妙な違和感を感じながら、その病院の横を通り過ぎようとした時でした。
疲労のためか足元がふらついて自転車ごと倒れてしまったそうなのです。
ガードレールもない山道ですから、彼の体は自転車ごと山へ放り出され、そのまま5メートルほど転げ落ちてしまいました。

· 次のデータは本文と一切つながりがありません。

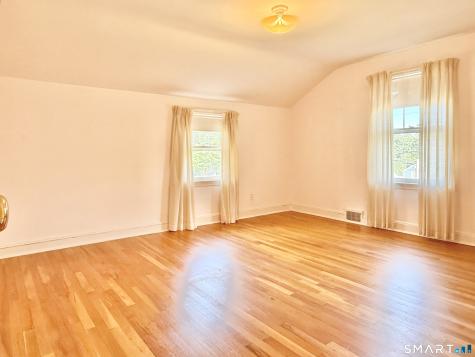 16 Aron Avenue Waterbury CT 06708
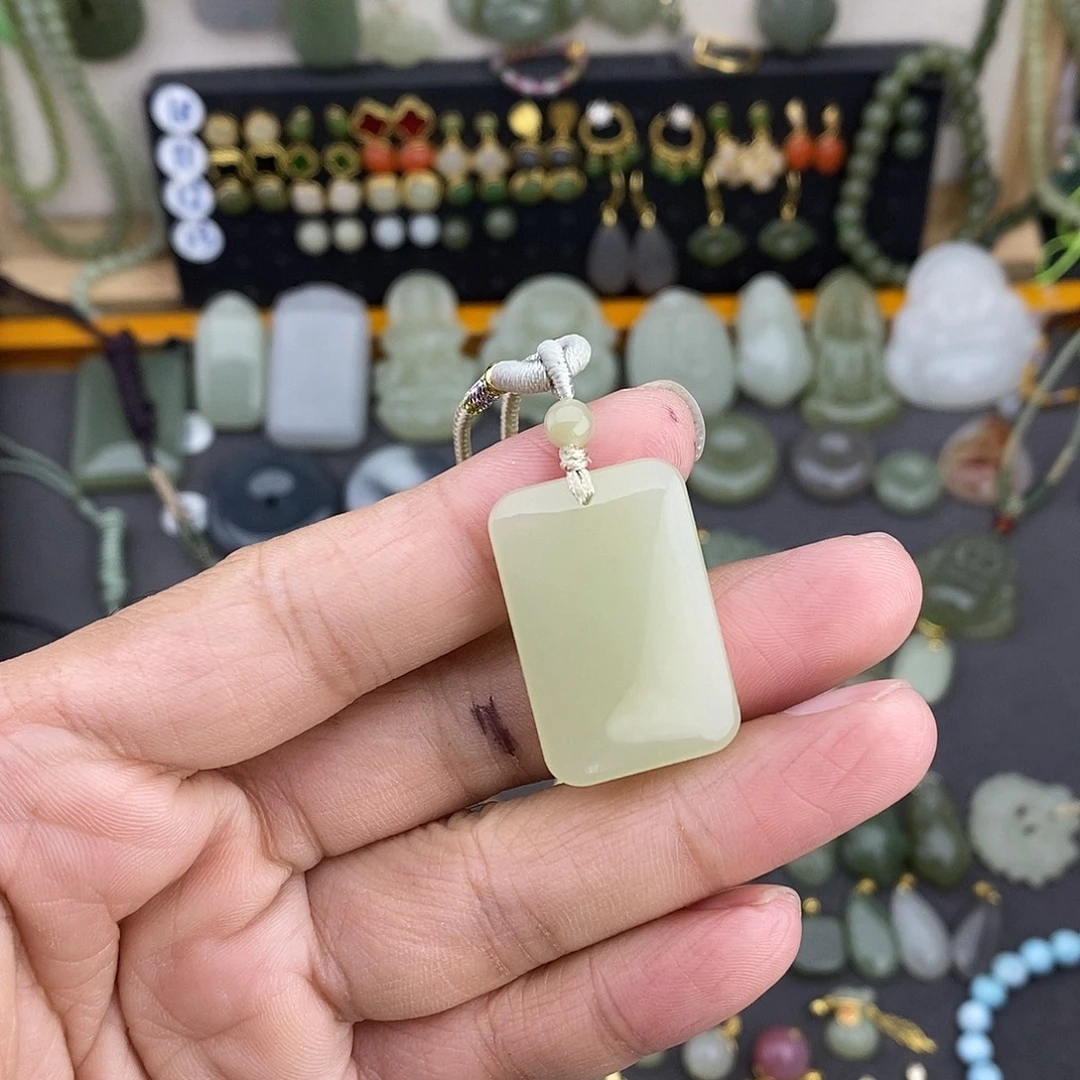 和田玉未镶嵌吊坠(不含链)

頭と前歯に衝撃が走り、それが彼にとって、その日最後の記憶だそうです。
次に目を開けた時には朝になっていました。
母親が自分の頬をバシバシと叩き、ビックリして飛び起きて辺りを見回すと、そこは自分の家でした。
「夢だったのか?」
一瞬彼はそう思ったのですが、前歯が1本なくなっていたのでやっぱり昨日のことは夢ではないと確信したそうです。
どうやって帰ったのか、全く記憶がありません。
母親に尋ねると、
「A君と一緒に帰ってきたんだよ。あんたは服も体もボロボロで、おまけに前歯もなくなってるし…」
と、呆れて言われたそうです。
彼は事の顛末を聞くために直ぐにA君に会いに行きました。
するとA君はこんなことを話してくれたそうです。
昨晩、山から転げ落ちた後、彼は自力で道の上まで這い上がってきたそうです。
もちろん彼にその記憶はありません。
A君が「大丈夫?」などと聞いても彼が質問に答えることはなかったそうです。
そのまま2人で自転車を見つけましたが、彼の姿があまりにボロボロだったのを見かねて、今度はA君が彼を後ろに乗せて自転車を走らせたと言います。

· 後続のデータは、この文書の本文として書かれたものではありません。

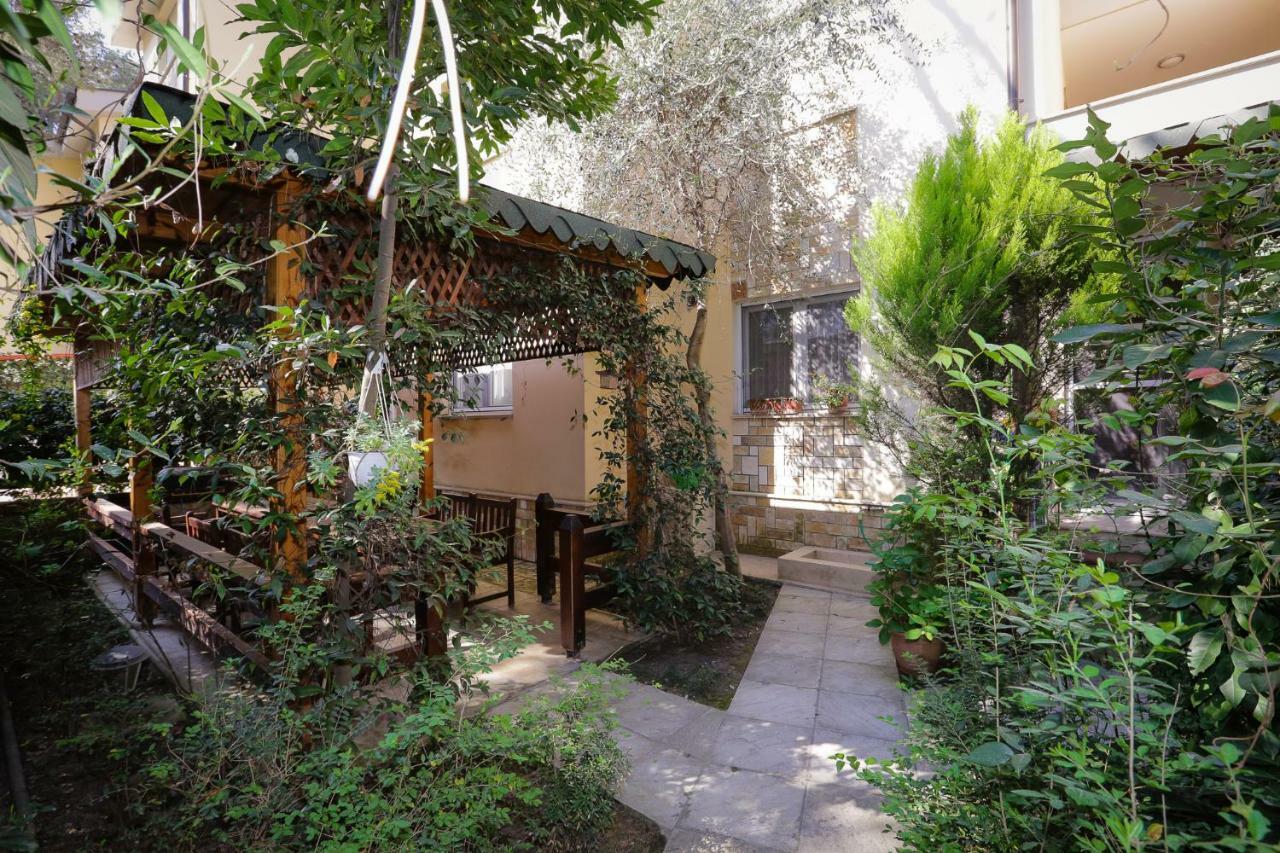 Pine-Tree Apt W/ Private Garden 50 M From The Sea 골렘 외부 사진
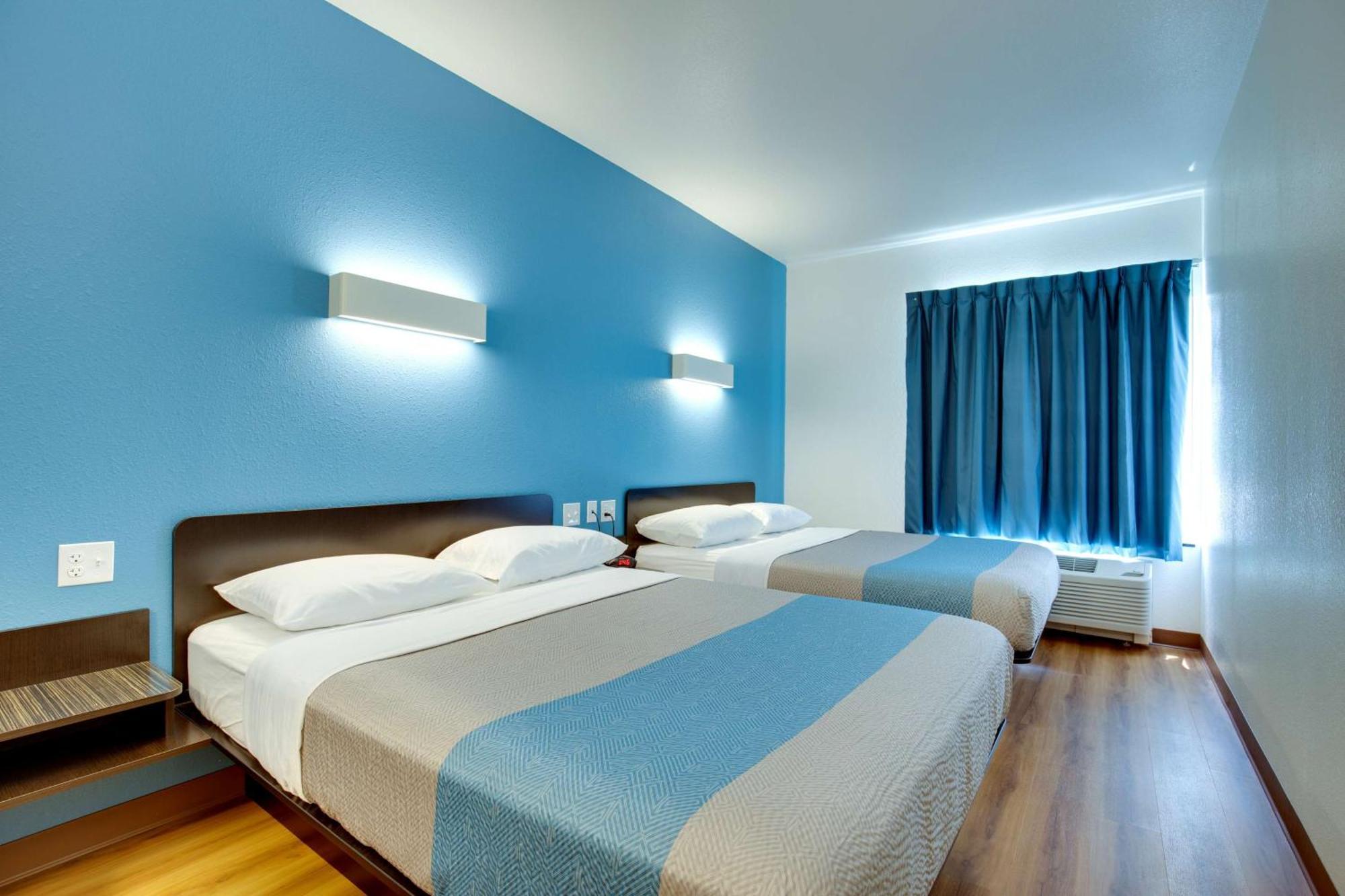 Deluxe Queen Room with Two Queen Beds - Non-Smoking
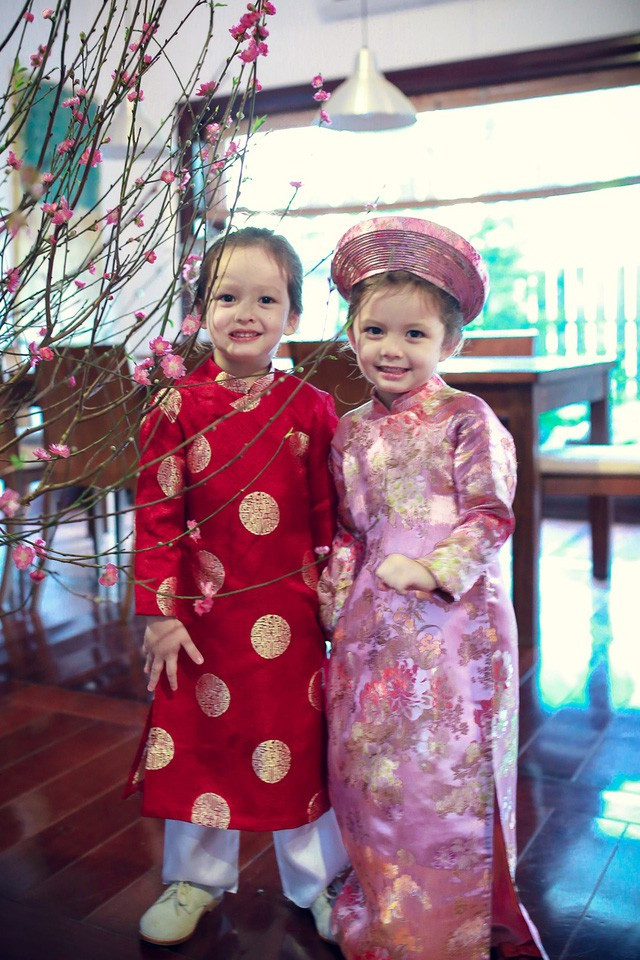 Theo tiết lộ, nữ ca sĩ chi hơn 100 triệu đồng để đóng học phí cho 2 con mỗi tháng.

すると、まだ先の長い道のりをA君がゆっくり慎重に自転車を走らせていた時でした。
突然彼が歌い出したそうなのです。
「自分を励ましてくれているのかな?」、そう思ってA君も一緒に歌っているうちに、そのまま山道を無事に抜け切りました。
そうして彼を家まで送り届けると、そのままA君も近所の自宅へと帰ったのだそうです。
話を聞いても全く身に覚えのない事で、そんな状態で自分が歌い出したなんて、その時は信じられなかったと彼は言います。
それから長い時が経ち、彼が大人になった頃でした。
知り合いから、あの夜の山で見た病院について聞く機会があったそうなのですが、あの病院はずっと以前に廃院していたそうなのです。彼がその目の前で転ぶよりはるか昔に。
それを聞いて彼は一つの確信を得たそうです。
あの夜、あの病院を彷徨う何者かの霊が自分の体に入ったのだと
そう考えると、記憶もないあの夜、自分があれだけの行動をとれた事にも説明がつくと、最後に鼻息荒く夫は語ってくれました。
以上が夫から聞いた話です。
この話を聞いて、私は思うことが二つありました。
まず、夫の体が何者かに乗っ取られていたとして、その何者かのなんと心優しいことかという事です。
そもそもきちんと家に帰してくれたわけですし、それに本当の理由は分かりませんが、恐らくA君の不安を拭い去るために歌を歌ってくれたのだと思うと、ブータンの親切な国民性が霊にも表れているなと感じました。
そして、もう1つ。
ちょっとゾッとしたのですが、A君のことです。
一緒に自転車の後ろに乗っていたA君は、なぜ無傷だったのか?
夫の母親は「『あんたは』ボロボロだった」と言ったそうです。
つまりA君はそうではなかったと…
足元も見えない山道で自転車は転び、夫は山を転げ落ちて気を失うほどのダメージを受けたのに対し、後ろに乗っていたA君は一早く転倒を察知して飛び降りたということなのでしょうか?
ほとんど真っ暗な場所で、6歳の子にそんなことが出来るのかと…
もしかしたら、夫より先に、A君の中に誰かが入っていたのでは…?
私はそんな風に思うのです。
以上がブータン人の夫から聞いた不思議な体験談です。